_Activity_
Between the line containing "디럭스 룸, Yeon Hwa Moon" and the line containing "ein Kunstwerk. Rauf" lies a run of lines; give that run again exactly, with both of those lines, and nothing else from the entries below.

_Provided data_
━━━━━━━━━━━━━━━━━━━━━━━━━━━━━━
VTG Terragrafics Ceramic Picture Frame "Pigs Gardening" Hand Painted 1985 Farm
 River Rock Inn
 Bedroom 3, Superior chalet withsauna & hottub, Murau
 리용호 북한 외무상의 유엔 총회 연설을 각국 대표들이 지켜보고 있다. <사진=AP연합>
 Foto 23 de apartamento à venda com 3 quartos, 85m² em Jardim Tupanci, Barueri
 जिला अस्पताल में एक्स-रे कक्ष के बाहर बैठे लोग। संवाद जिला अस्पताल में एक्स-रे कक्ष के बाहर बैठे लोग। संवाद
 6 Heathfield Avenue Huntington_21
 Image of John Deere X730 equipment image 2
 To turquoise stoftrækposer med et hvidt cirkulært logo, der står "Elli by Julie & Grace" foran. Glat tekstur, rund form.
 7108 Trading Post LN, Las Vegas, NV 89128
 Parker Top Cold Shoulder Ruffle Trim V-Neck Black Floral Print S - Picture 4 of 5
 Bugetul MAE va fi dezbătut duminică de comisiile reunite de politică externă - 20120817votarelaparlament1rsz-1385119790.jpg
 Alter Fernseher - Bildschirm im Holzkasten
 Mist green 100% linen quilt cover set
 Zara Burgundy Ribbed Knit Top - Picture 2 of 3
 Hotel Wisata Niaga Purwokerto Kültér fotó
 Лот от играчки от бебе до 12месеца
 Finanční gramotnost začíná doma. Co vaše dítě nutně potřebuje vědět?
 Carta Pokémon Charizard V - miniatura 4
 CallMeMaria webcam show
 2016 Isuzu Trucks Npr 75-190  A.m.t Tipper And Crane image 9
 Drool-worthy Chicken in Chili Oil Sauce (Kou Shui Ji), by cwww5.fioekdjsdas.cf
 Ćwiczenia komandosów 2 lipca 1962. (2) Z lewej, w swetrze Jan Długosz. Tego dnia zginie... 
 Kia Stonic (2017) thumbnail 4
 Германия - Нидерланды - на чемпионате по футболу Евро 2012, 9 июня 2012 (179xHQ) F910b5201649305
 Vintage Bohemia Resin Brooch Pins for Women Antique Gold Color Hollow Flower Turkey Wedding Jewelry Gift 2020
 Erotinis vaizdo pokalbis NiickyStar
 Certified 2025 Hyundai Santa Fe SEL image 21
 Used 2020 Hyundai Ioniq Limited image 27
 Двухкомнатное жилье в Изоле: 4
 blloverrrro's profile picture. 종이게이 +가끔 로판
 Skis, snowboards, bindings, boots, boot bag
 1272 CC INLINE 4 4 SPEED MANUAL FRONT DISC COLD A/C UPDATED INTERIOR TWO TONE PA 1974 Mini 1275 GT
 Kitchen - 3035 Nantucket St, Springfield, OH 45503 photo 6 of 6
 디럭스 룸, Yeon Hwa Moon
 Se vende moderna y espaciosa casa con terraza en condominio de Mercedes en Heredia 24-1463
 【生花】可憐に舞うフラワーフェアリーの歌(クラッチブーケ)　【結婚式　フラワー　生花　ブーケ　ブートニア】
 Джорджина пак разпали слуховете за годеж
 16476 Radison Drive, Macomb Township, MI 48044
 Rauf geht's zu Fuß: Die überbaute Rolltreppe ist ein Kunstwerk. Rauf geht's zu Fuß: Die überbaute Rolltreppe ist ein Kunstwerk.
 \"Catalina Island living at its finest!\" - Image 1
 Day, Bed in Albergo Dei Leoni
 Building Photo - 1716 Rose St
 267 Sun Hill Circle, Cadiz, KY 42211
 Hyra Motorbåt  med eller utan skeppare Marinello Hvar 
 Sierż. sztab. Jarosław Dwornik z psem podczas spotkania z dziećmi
━━━━━━━━━━━━━━━━━━━━━━━━━━━━━━
_Exercise result_
 디럭스 룸, Yeon Hwa Moon
 Se vende moderna y espaciosa casa con terraza en condominio de Mercedes en Heredia 24-1463
 【生花】可憐に舞うフラワーフェアリーの歌(クラッチブーケ)　【結婚式　フラワー　生花　ブーケ　ブートニア】
 Джорджина пак разпали слуховете за годеж
 16476 Radison Drive, Macomb Township, MI 48044
 Rauf geht's zu Fuß: Die überbaute Rolltreppe ist ein Kunstwerk. Rauf geht's zu Fuß: Die überbaute Rolltreppe ist ein Kunstwerk.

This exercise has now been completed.